◆ **Requirement**:
Go through the listing below and write out exactly the lines from the one that mentions "Elegant Home Near" through the one that mentions "Ein Chor singt", minus the pictures.

◆ **Records for this exercise**:
%%

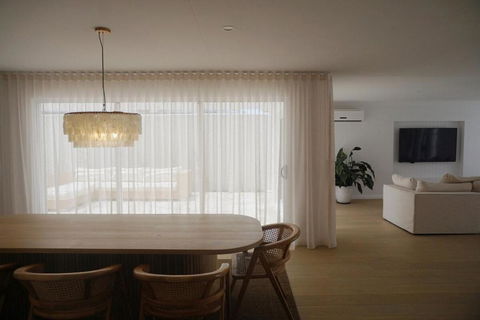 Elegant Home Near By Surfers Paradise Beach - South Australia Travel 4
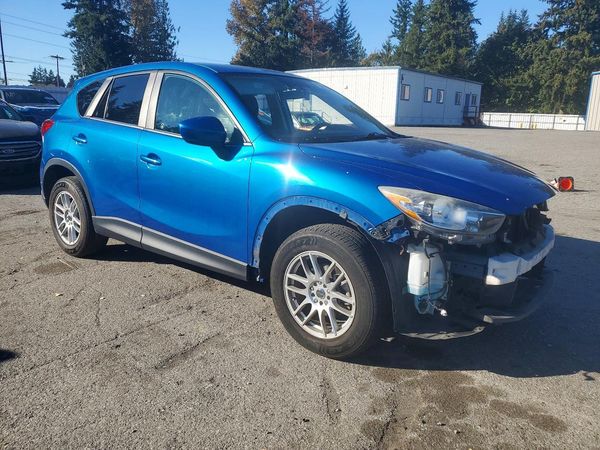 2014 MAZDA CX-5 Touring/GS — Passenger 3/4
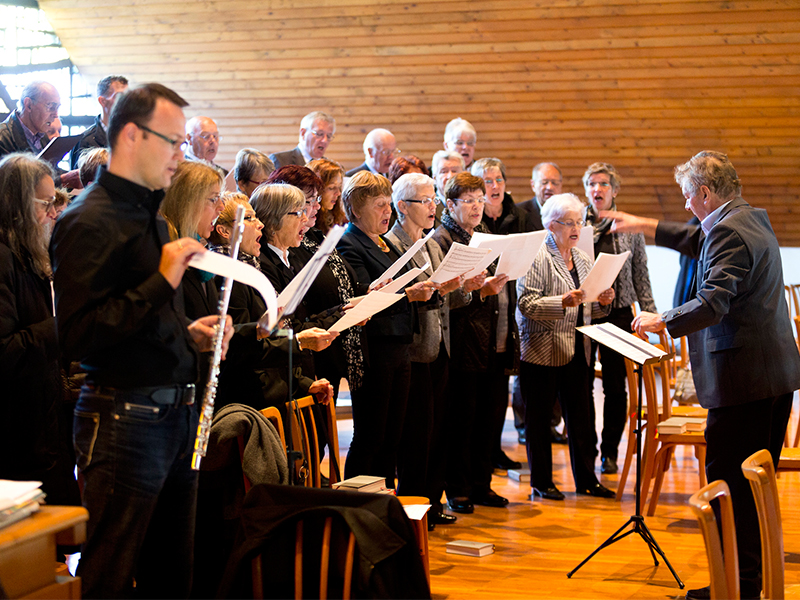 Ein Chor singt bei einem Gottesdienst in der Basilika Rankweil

%%
%%

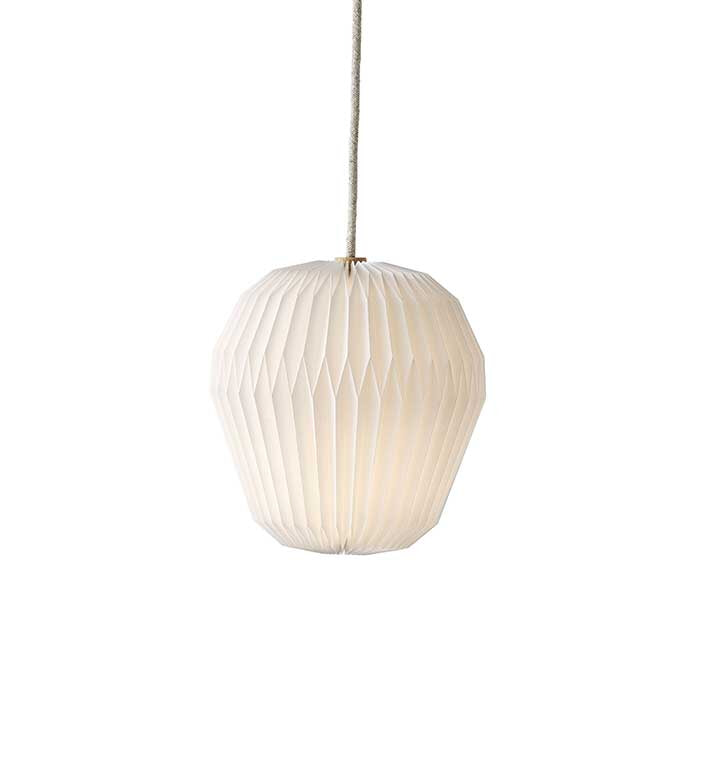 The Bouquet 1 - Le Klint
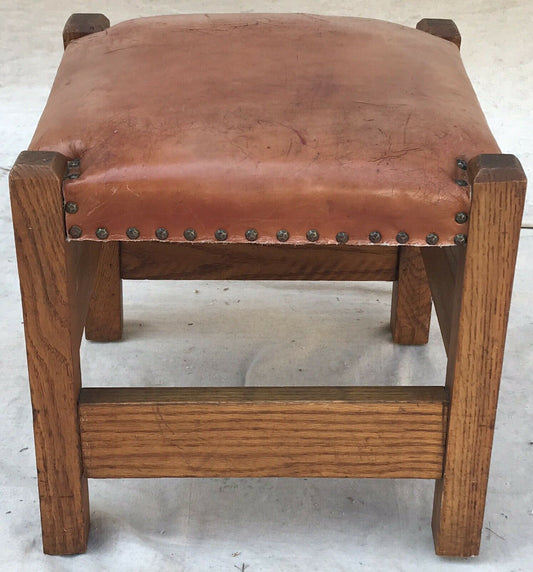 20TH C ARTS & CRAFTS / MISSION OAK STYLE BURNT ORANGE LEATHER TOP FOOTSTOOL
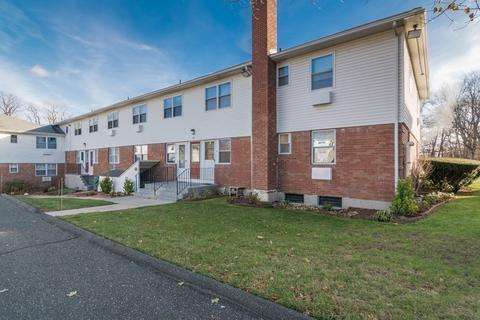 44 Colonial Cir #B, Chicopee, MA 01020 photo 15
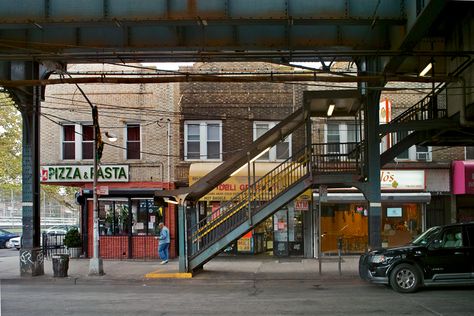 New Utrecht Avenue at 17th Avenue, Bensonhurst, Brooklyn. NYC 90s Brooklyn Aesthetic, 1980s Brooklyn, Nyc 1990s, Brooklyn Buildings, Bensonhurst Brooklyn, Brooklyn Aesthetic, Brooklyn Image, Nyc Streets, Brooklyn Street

%%

◆ **Problem solution**:
 Elegant Home Near By Surfers Paradise Beach - South Australia Travel 4
 2014 MAZDA CX-5 Touring/GS — Passenger 3/4
 Ein Chor singt bei einem Gottesdienst in der Basilika Rankweil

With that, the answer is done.